Published on 19 January 2015

COMPILED BY JOEL TAN

HOKKIEN HUAY KUAN

The Singapore Hokkien Huay Kuan is a cultural and educational foundation set up in 1840 to preserve Chinese language and culture in Singapore and around the region. In 1987 the foundation opened its Arts and Cultural Troupe, providing arts education to children. It began by offering Singapore’s first Mandarin speech and drama classes. In following years, it opened the Children Performance Troupe to offer training and performance opportunities in Chinese dance and theatre. Today, the foundation houses three performing troupes: a children’s performing troupe, a youth performing troupe and a dance troupe. It has a network of about 2,000 students studying a variety of subjects including Chinese languages, calligraphy and other traditional Chinese arts.

 (Illustration Jimmy Lee)

DAMIEN HIRST

Damien Hirst has become synonymous with a polarising brand of Modern Art that art lovers either hail as subversive and innovative or flashy and ultimately, meaningless. The English artist and art collector gained recognition in the 1990s together with other visual artists who, collectively, were dubbed the Young British Artists. The group was notorious for their brash lifestyles, bold innovative work and neo-Bohemianism, although Hirst himself is reportedly one of the United Kingdom’s richest artists.

A great deal of Hirst’s work is preoccupied with death and mortality — he is particularly famous for his series of conceptual artworks that use preserved animal carcasses as material. His controversial break-out piece, Physical Impossibility of Death in the Mind of Someone Living (1991), is a minimalistic work that features a dead tiger shark preserved in a tank of formaldehyde. It has since become a symbol of Modern British art worldwide and the target of heated arguments about what constitutes art. Recent works include For the Love of God (2007), a celebrated diamond-studded skull, a platinum cast of an actual 18th-century specimen.

HAN SAI POR

You’ve very likely seen Singaporean sculptor Han Sai Por’s work about town. Granite and marble are hewn into larger-than-life organic shapes — seeds, fruits and other embodiments of what Han describes as sculpture bursting with a life force of its own.

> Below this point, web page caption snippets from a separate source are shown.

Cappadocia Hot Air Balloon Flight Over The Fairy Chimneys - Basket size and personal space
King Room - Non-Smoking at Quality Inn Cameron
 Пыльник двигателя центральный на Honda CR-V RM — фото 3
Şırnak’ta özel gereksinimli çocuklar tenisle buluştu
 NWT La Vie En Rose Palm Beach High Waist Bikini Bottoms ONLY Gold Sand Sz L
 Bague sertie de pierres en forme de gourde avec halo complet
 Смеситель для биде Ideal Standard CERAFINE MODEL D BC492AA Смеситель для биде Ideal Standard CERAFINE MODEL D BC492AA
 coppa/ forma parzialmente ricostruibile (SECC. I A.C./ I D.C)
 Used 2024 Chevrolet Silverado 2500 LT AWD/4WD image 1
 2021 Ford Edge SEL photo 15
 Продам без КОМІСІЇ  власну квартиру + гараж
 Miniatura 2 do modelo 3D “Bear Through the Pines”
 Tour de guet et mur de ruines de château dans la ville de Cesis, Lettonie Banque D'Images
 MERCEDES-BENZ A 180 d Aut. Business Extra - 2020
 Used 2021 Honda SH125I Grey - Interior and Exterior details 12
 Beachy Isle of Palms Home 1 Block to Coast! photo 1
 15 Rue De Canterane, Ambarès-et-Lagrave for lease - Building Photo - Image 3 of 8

A recipient of the 1995 Cultural Medallion for Art, Han is a celebrated sculptor whose work has travelled the globe. Crafting with organic materials like stone and wood, her creations have a strong focus on Man’s deep entrenchment in the natural world.

A graduate of the Nanyang Academy of Fine Arts, the Wolverhampton College of Art and Lincoln University, Han has been a full-time artist since 1997. She was the founding president of Singapore’s Sculpture Society and remains an honorary member. Her famous ‘Seed Series’ (1998) and ‘Seeds’ (2006) can be seen on the grounds of The Esplanade and the National Museum of Singapore respectively.